1 cup unsalted butter, softened
1 cup sugar
1 large egg
1 1/2 tsp almond extract
3 cups flour
1 1/2 tsp baking powder
1/2 tsp salt
Cream butter and sugar until light and fluffy- about 2 minutes. Add in egg and extract and mix to incorporate.
In a separate bowl combine flour, baking powder and salt and whisk to combine. Slowly add the flour mixture to the butter mixture and mix until completely combined.
Roll dough between 2 sheets of waxed or parchment paper and then place on a flat surface in the fridge. Chill for about 20-30 minutes and then start cutting out cookies.

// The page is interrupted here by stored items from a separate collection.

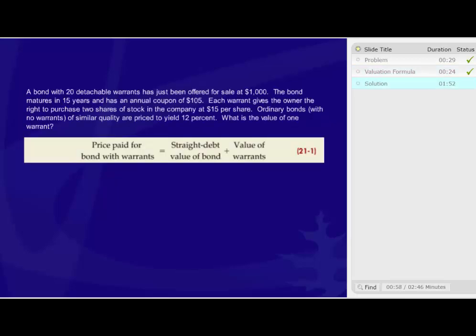Next, we need to solve for the terms on the right side of the equation. So, first we'll take a look at calculating the straight debt value of the bond. And what we need to do is determine the present value of the payments we expect to receive.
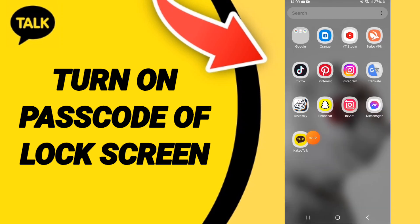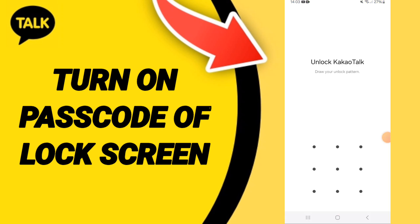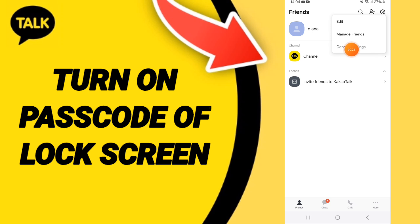You will go to KakaoTalk as you see and you can click. Here you can add your password. On above you can click on these settings, and here you can go to general settings.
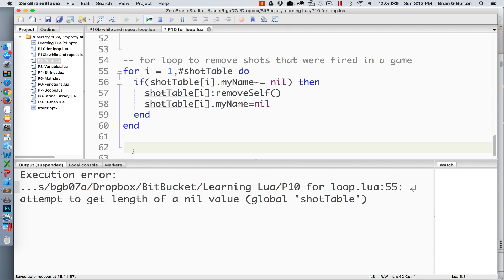So using this for loop, I can go from one to however many shots had been fired inside the game and go through and clear out any shots that had not been cleared out since the last iteration. This made it very easy to clean up the environment quick and easy and the for loop took care of everything in that situation.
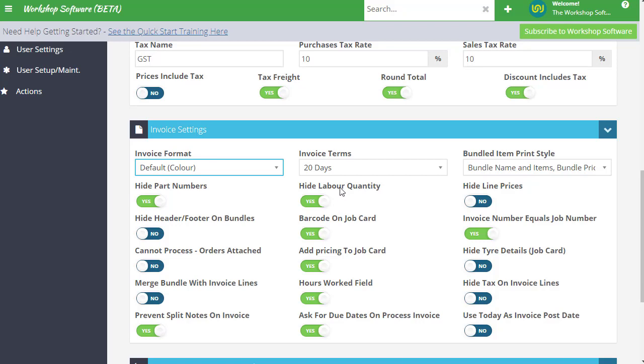All of these, hiding the labor quantity and hiding part numbers and all of these sorts of things all apply to this invoice as well. So very simple to set up.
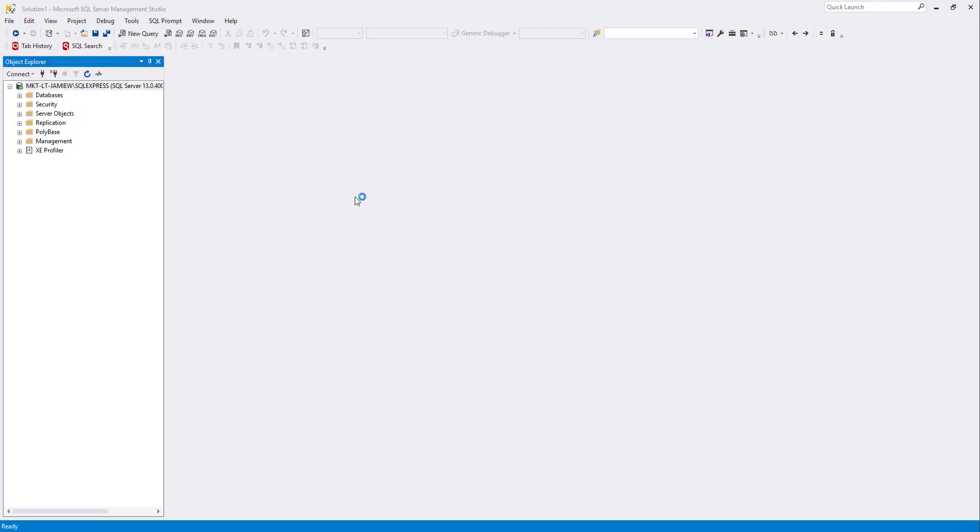Hi this is Jamie from Redgate Software and I'd like to show you how code analysis works in SQL Prompt. I'm going to use SSMS here but code analysis is also available in Visual Studio.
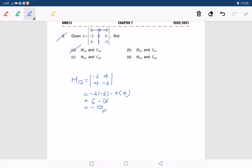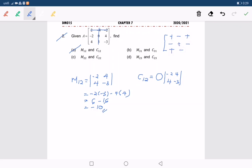So how about C1,2? C1,2 is equal to M1,2, which has entries negative 2, 4, 4, negative 3. What should be put in front is the sign — referring to the pattern: plus, minus, plus, minus, plus, minus, plus, minus, plus.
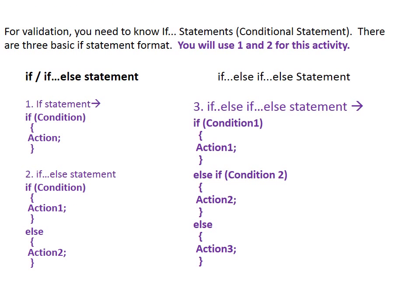For validation, you need to know if statements. It is called conditional statement. There are three basic examples of if statement. First example shows just if statement. If the condition is true, it will do action. If false, it will not do anything. Second shows if-else structure. If the condition is true, then it will do action 1. If the condition is false, it will do action 2.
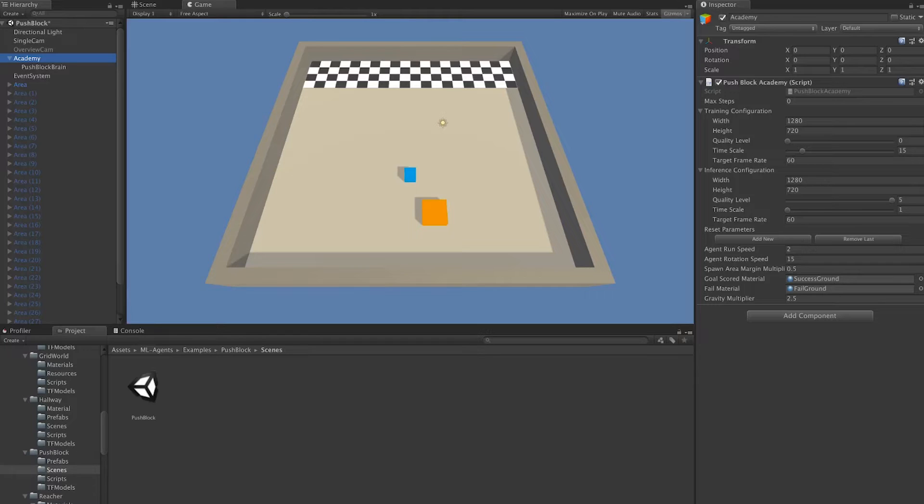The Academy orchestrates the decision-making processes for the brains that are in the scene. In addition to that, it also has some environment-wide parameters and variables that are used by different things in the scene.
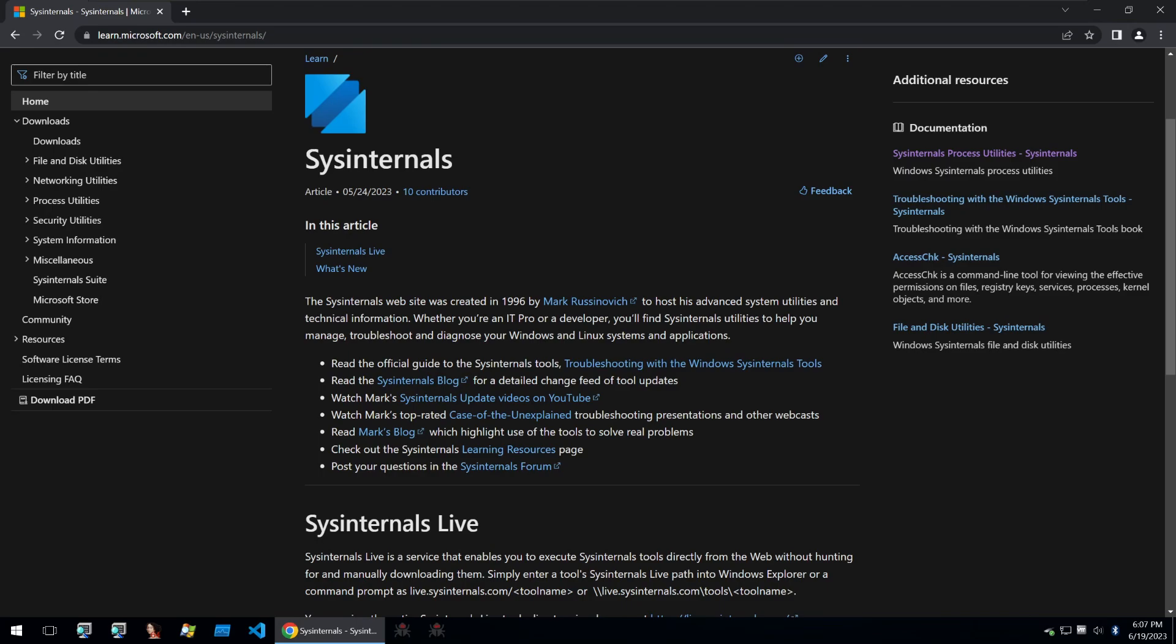Hello and welcome back to Guided Hacking. This is Fridge Kane and today we're going to be taking a look at the SysInternals tools for malware analysis.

Bake at 350 for 8-12 minutes - just until the bottoms start to brown. (This will depend on how big your cookies are) Remove from oven, allow to cool completely. You may frost them at this point or store them in the freezer until you are ready to decorate them.
1 lb powdered sugar (about 3 3/4 cups) *plus extra for piping icing
6 Tbsp whole milk
6 Tbsp light Corn Syrup
1 tsp almond extract
With a whisk, combine sugar and milk until smooth. Then stir in corn syrup and extract. You will use this same recipe for both glazing and piping. Take your glazing icing and separate it into bowls if you want to color it.
The way it is right now is the consistency you want for glazing. It's smooth and thin. It easily runs off the whisk in a pretty thin drizzle.
To prepare the icing for piping, you just add more powdered sugar until it is hard to whisk.